WORK INSTRUCTION: Locate the line that contains "Legends Oversized T-Shirt". Print it and each following line through the end of the listing, verbatim, and nothing more.
■ ■ ■
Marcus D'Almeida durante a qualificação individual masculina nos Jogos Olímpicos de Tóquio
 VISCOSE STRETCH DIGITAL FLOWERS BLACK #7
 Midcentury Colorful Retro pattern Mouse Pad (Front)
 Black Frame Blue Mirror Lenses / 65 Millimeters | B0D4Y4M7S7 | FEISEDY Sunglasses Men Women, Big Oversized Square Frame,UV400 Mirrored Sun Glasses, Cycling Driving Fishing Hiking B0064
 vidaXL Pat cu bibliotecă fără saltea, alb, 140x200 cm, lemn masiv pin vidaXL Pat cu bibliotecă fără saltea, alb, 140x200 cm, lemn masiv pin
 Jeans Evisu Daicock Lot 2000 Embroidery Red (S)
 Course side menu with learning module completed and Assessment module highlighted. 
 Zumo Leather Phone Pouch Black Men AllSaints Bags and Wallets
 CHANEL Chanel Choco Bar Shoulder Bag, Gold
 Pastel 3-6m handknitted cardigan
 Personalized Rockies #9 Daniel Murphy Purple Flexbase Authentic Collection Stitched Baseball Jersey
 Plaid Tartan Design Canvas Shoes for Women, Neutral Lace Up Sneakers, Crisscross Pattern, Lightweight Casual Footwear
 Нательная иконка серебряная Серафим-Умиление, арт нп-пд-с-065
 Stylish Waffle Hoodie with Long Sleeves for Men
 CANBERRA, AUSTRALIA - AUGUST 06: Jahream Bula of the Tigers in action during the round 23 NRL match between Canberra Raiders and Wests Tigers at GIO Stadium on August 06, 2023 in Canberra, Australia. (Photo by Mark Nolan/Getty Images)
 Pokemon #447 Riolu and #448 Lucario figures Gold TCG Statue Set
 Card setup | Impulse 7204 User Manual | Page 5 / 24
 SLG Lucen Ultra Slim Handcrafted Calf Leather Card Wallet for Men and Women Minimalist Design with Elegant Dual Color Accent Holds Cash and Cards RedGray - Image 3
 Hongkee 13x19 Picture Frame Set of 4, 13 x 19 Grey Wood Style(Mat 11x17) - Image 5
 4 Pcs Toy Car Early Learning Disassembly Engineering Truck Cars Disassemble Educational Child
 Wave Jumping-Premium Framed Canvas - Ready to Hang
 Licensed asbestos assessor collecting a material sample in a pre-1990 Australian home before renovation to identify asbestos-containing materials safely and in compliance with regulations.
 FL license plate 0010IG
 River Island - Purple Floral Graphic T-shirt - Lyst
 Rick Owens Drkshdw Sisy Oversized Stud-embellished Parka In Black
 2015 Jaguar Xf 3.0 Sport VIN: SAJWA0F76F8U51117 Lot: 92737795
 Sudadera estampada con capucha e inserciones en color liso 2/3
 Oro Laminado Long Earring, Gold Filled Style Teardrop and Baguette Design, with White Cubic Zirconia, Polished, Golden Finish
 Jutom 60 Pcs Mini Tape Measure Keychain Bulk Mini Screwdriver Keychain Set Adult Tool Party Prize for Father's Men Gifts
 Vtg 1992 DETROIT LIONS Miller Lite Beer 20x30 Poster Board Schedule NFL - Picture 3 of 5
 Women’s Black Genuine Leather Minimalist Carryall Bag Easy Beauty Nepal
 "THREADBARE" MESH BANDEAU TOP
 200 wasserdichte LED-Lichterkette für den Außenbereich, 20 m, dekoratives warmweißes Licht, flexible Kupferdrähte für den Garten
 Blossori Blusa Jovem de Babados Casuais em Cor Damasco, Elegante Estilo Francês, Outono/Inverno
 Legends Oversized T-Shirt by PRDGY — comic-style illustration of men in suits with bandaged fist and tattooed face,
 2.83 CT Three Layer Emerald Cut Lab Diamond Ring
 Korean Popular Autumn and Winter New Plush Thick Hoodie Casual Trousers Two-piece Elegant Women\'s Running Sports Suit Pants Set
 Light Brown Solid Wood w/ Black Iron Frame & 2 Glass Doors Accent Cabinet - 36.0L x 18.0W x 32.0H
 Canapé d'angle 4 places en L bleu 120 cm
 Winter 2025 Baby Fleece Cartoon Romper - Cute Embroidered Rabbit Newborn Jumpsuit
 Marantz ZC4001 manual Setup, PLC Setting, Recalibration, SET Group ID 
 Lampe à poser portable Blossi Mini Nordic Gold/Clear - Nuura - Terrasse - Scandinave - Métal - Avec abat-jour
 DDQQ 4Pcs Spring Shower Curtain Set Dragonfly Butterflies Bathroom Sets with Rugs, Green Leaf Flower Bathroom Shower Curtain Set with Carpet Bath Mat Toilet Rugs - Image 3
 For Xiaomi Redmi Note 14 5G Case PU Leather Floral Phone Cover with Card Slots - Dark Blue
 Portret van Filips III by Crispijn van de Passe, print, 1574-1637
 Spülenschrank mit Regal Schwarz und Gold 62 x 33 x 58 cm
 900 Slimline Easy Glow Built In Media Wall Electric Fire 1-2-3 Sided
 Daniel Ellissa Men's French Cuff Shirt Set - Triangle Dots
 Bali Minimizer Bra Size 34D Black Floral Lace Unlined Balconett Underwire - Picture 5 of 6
■ ■ ■
TASK RESULT:
 Legends Oversized T-Shirt by PRDGY — comic-style illustration of men in suits with bandaged fist and tattooed face,
 2.83 CT Three Layer Emerald Cut Lab Diamond Ring
 Korean Popular Autumn and Winter New Plush Thick Hoodie Casual Trousers Two-piece Elegant Women\'s Running Sports Suit Pants Set
 Light Brown Solid Wood w/ Black Iron Frame & 2 Glass Doors Accent Cabinet - 36.0L x 18.0W x 32.0H
 Canapé d'angle 4 places en L bleu 120 cm
 Winter 2025 Baby Fleece Cartoon Romper - Cute Embroidered Rabbit Newborn Jumpsuit
 Marantz ZC4001 manual Setup, PLC Setting, Recalibration, SET Group ID 
 Lampe à poser portable Blossi Mini Nordic Gold/Clear - Nuura - Terrasse - Scandinave - Métal - Avec abat-jour
 DDQQ 4Pcs Spring Shower Curtain Set Dragonfly Butterflies Bathroom Sets with Rugs, Green Leaf Flower Bathroom Shower Curtain Set with Carpet Bath Mat Toilet Rugs - Image 3
 For Xiaomi Redmi Note 14 5G Case PU Leather Floral Phone Cover with Card Slots - Dark Blue
 Portret van Filips III by Crispijn van de Passe, print, 1574-1637
 Spülenschrank mit Regal Schwarz und Gold 62 x 33 x 58 cm
 900 Slimline Easy Glow Built In Media Wall Electric Fire 1-2-3 Sided
 Daniel Ellissa Men's French Cuff Shirt Set - Triangle Dots
 Bali Minimizer Bra Size 34D Black Floral Lace Unlined Balconett Underwire - Picture 5 of 6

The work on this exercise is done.